Inmon’s version of his meeting with Ryan, the investigator, on appeal is at odds with the record of that meeting. The gist of his evidence of record is that after Ryan introduced himself, he told Inmon that he had a list of names he wished responses to. Inmon said he would cooperate. The names were stated and Inmon made responses of varying lengths according to his own recollection. Although In-mon contended that Wooley and Ryan joined at this meeting in order to intimidate him in a “two on one” meeting, Wooley did not join them until Inmon himself requested the presence of someone else who “can ask me questions that you want to know.” It cannot be disputed that American Road had the right to investigate Inmon’s salvage disposal operations and, in that connection, to question him concerning them. Likewise, American Road also had the right to suspend Inmon from his employment following that investigation and the right to offer him the alternative of resigning or being discharged. While the record supports the conclusion that the management of Inmon’s investigation and termination may have been somewhat disorganized, and a humiliating experience for him personally, nevertheless American Road’s behavior throughout cannot, as a matter of law, be characterized as “so outrageous in character, and so extreme in degree, as to go beyond all possible bounds of decency, and to be regarded as atrocious, and utterly intolerable in a civilized community.” Section 46, Comment (d), Restatement at 73. As Section 46, Comment (g), Restatement at 76 states:

The actor is never liable, for example, where he has done no more than to insist upon his legal rights in a permissible way, even though he is well aware that such insistence is certain to cause emotional distress....

And Comment (d), id. at 73:

The liability clearly does not extend to mere insults, indignities, threats, annoyances, petty oppressions, or other trivialities. ...
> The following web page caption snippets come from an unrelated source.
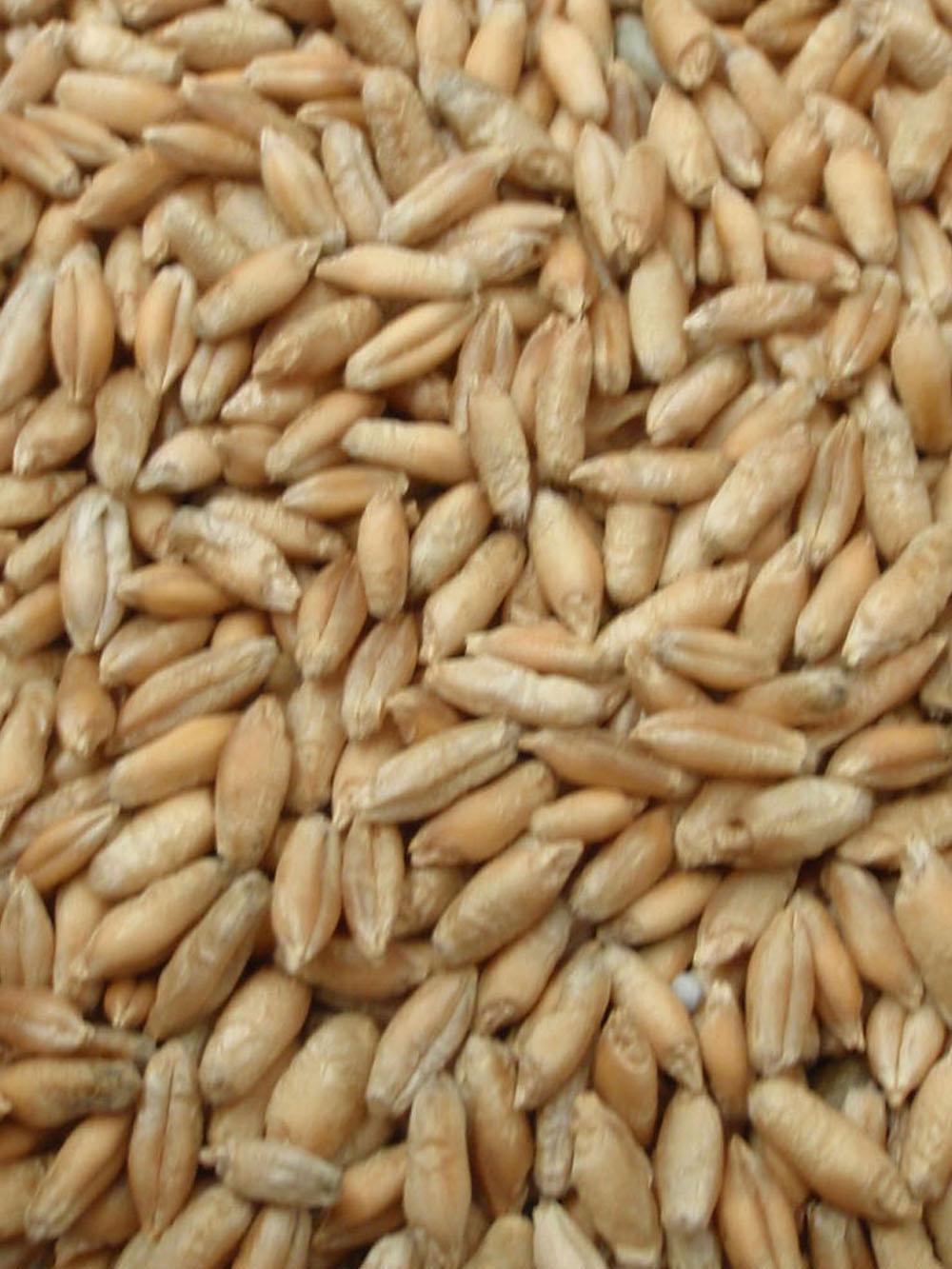 Spring Triticale
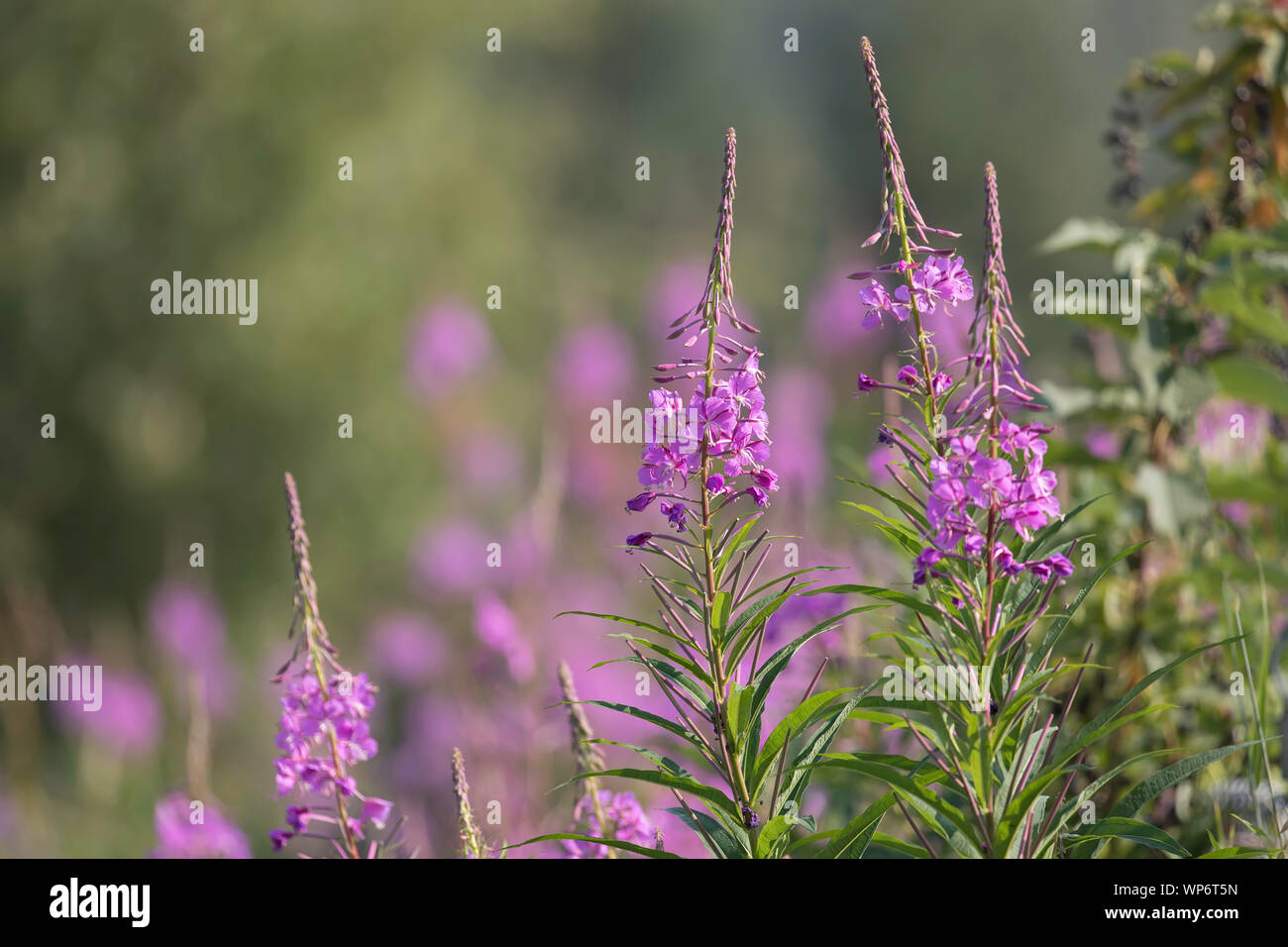 Ein Feld der Fireweed in Alaska Stockfoto Ein Feld der Fireweed in Alaska Stockfoto
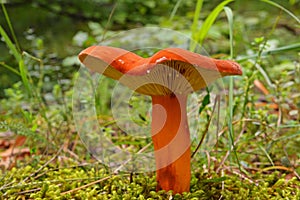 Lactifluus volemus mushroom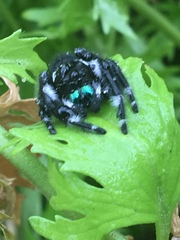Phidippus audax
Thus we have concluded that the trial court erred in overruling the defendant’s motion for a directed verdict made at the close of the evidence. For that error the judgment is due to be, and is, reversed and remanded.

REVERSED AND REMANDED.

TORBERT, C. J., and MADDOX, JONES, SHORES, EMBRY and ADAMS, JJ., concur.

FAULKNER, J., concurs in that portion of the opinion recognizing the tort of outrageous conduct and dissents in that portion which denied recovery.

ALMON, J., concurs in the result only.